━━ MATERIAL FOR THE TASK

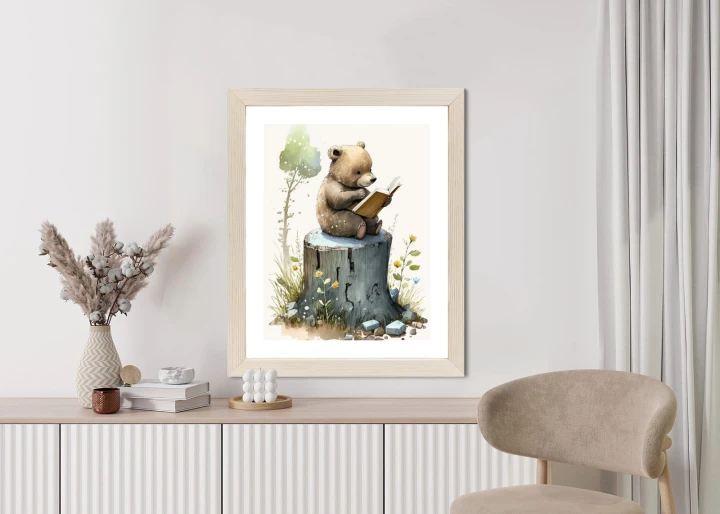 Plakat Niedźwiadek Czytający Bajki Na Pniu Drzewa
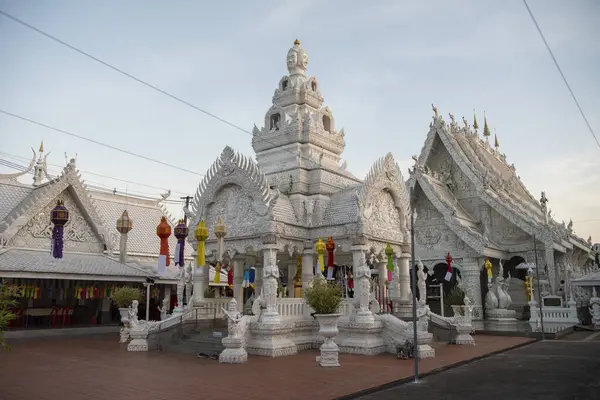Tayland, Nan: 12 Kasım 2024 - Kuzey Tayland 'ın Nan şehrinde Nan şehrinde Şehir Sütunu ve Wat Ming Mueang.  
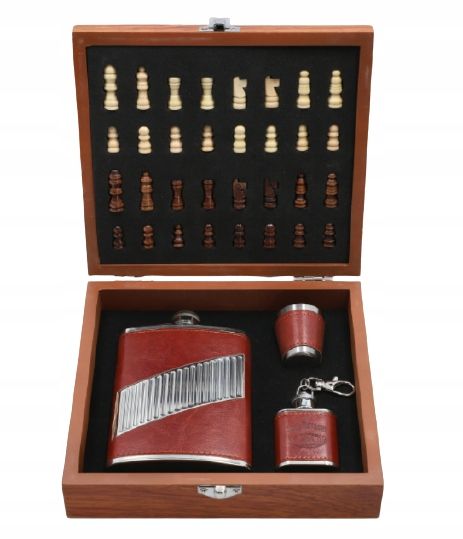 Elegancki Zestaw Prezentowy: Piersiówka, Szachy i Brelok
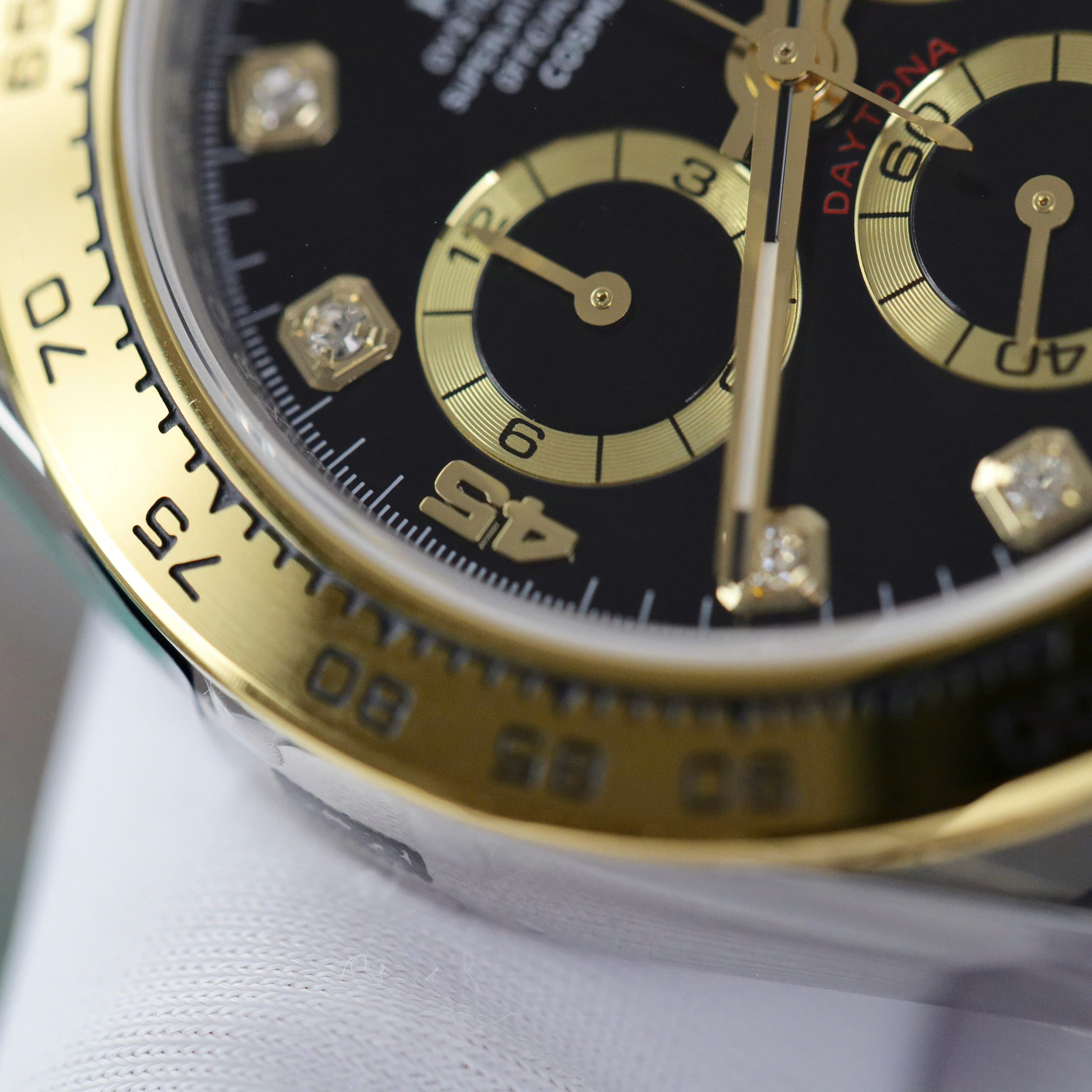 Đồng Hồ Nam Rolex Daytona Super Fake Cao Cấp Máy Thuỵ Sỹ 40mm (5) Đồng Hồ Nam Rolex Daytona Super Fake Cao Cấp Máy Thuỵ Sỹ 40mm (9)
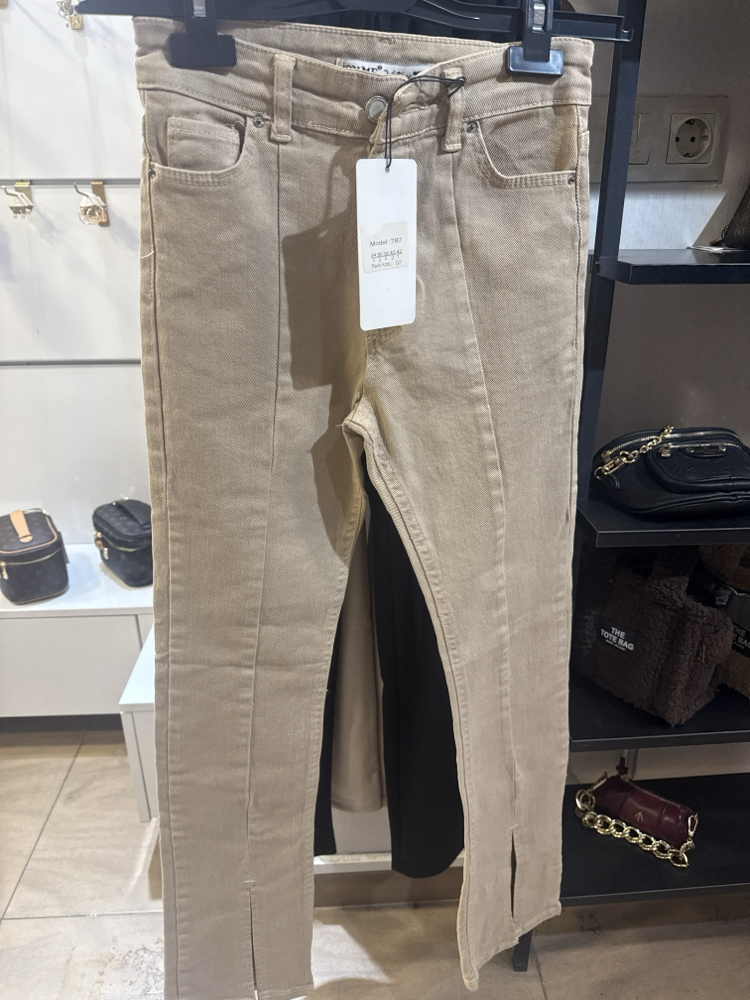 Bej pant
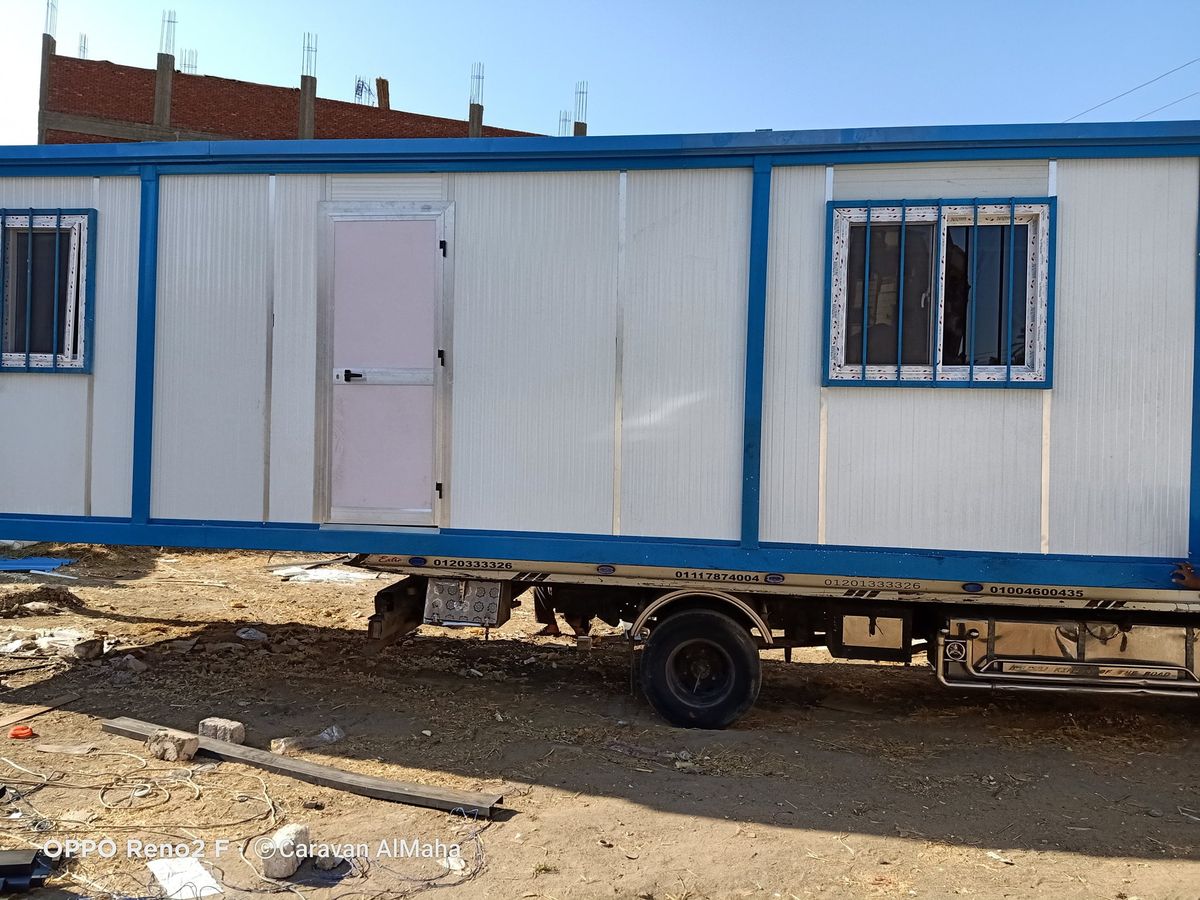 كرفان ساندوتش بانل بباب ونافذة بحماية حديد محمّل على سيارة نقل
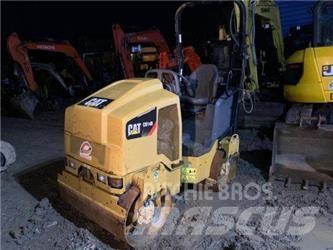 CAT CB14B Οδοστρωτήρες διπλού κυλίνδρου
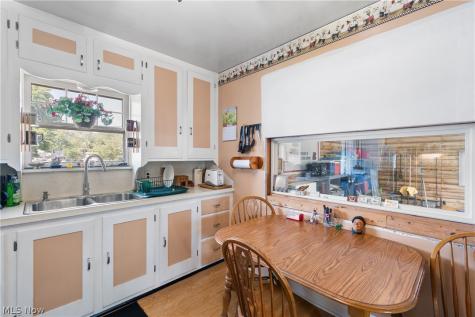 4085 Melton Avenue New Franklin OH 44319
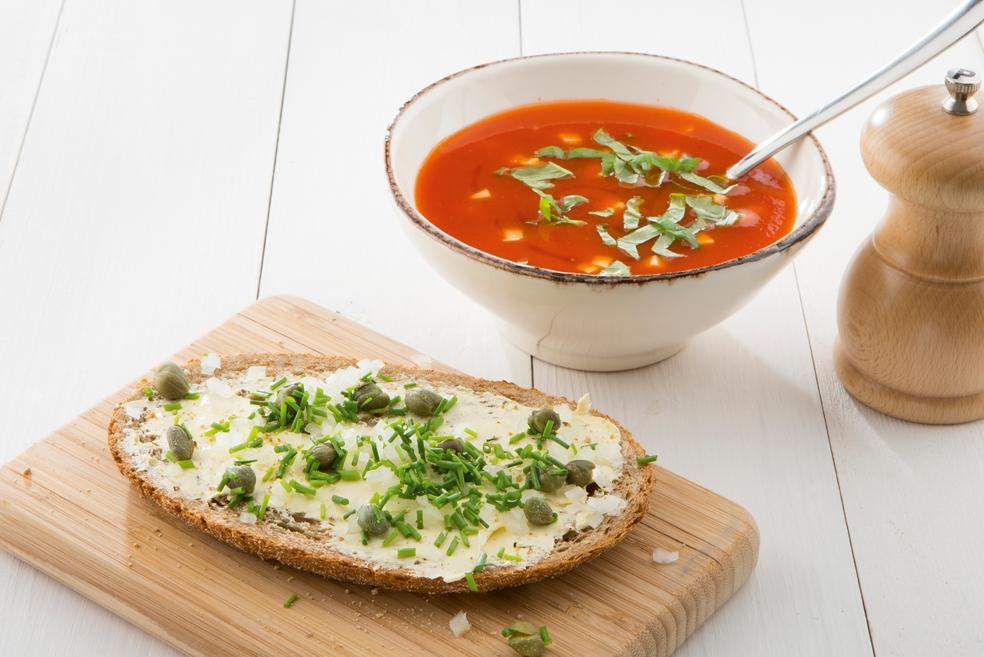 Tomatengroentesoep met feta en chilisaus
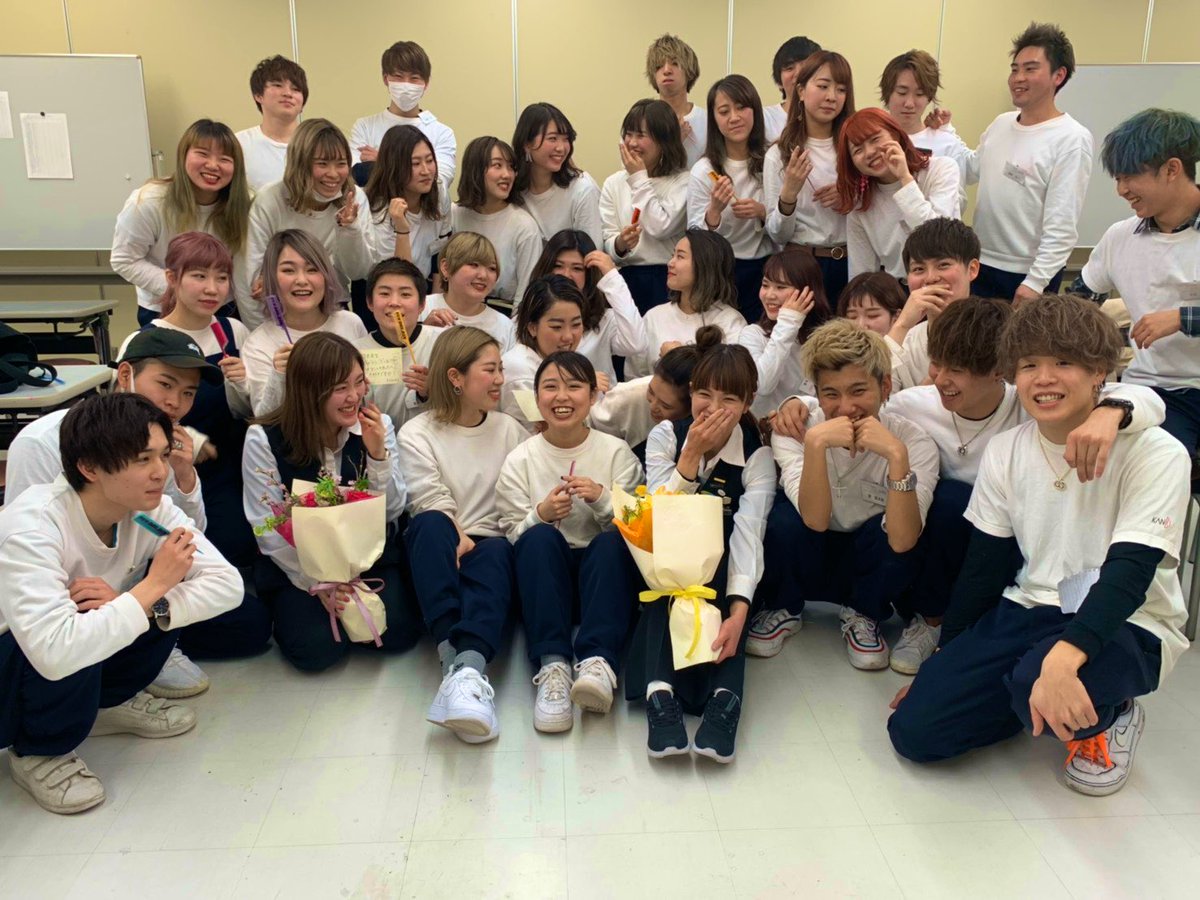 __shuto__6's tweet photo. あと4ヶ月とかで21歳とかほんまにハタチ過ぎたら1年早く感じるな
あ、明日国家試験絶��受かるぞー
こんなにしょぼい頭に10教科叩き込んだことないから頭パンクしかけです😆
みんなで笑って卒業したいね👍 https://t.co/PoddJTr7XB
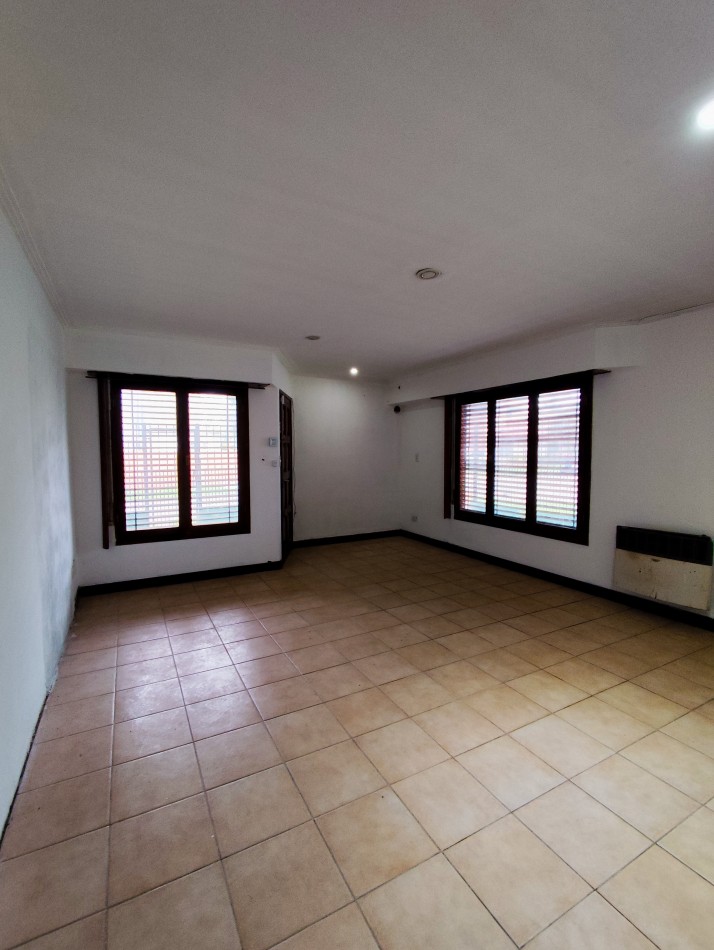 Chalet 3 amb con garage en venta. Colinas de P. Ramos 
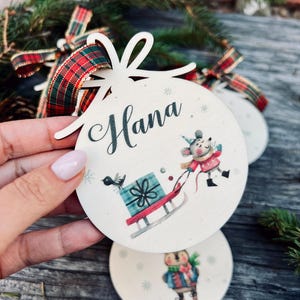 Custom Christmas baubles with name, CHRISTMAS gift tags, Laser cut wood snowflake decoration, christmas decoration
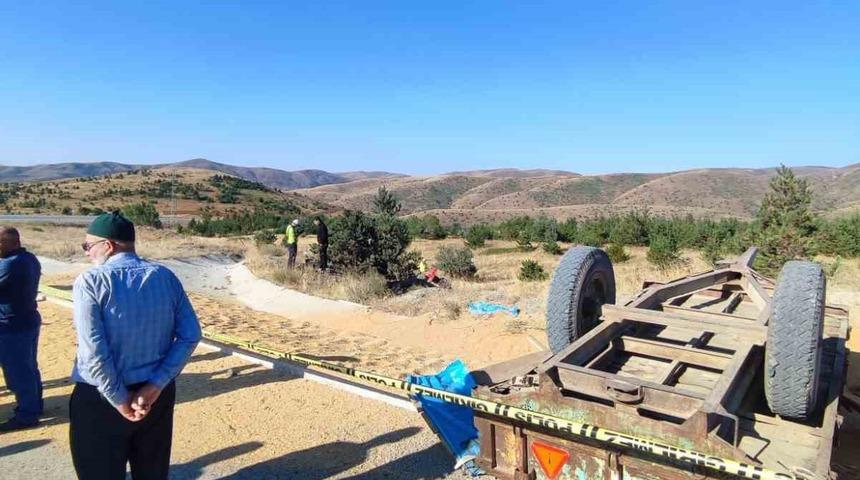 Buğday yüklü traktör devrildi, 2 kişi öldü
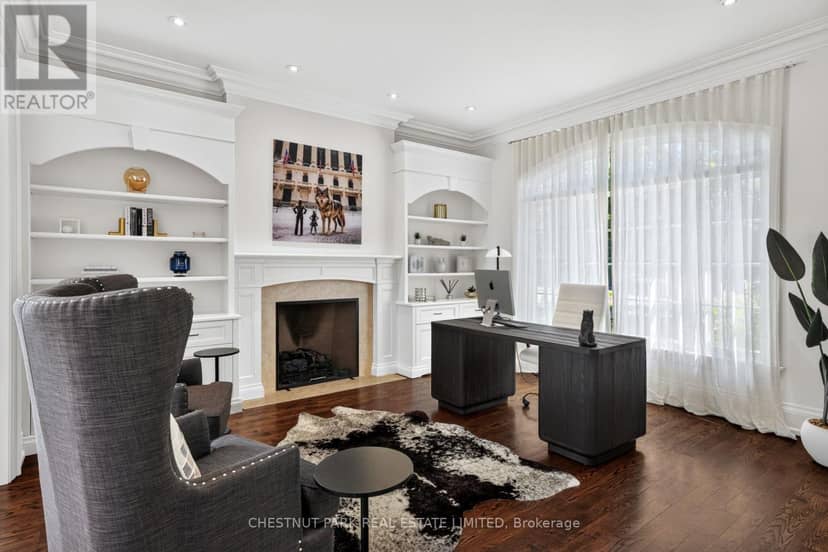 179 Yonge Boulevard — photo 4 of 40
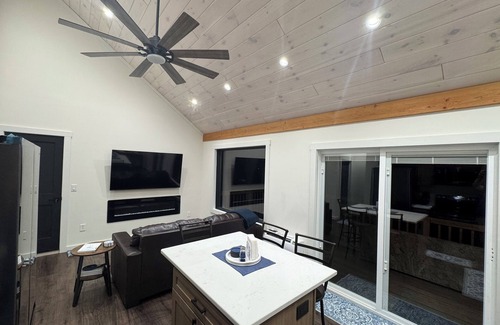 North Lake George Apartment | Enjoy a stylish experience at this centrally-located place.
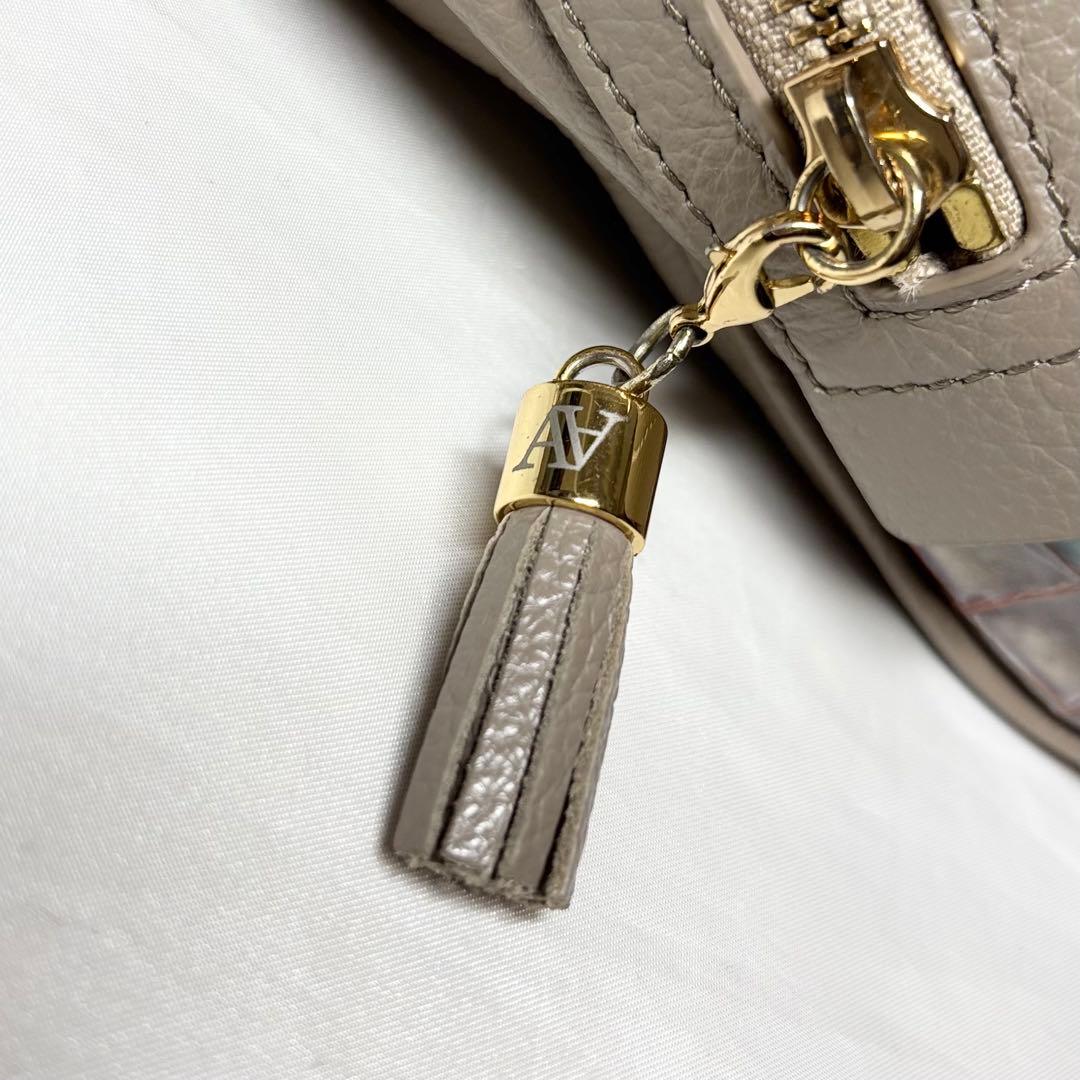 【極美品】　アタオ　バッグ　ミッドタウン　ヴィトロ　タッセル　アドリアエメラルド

━━━━

**INSTRUCTIONS TO FOLLOW:**
Excluding any pictures, print exactly the lines of the listing above from the line with "あ、明日国家試験絶��受かるぞー" to the line with "179 Yonge Boulevard — photo 4 of 40", both ends included.

**WRITTEN RESPONSE:**
あ、明日国家試験絶��受かるぞー
こんなにしょぼい頭に10教科叩き込んだことないから頭パンクしかけです😆
みんなで笑って卒業したいね👍 https://t.co/PoddJTr7XB
 Chalet 3 amb con garage en venta. Colinas de P. Ramos 
 Custom Christmas baubles with name, CHRISTMAS gift tags, Laser cut wood snowflake decoration, christmas decoration
 Buğday yüklü traktör devrildi, 2 kişi öldü
 179 Yonge Boulevard — photo 4 of 40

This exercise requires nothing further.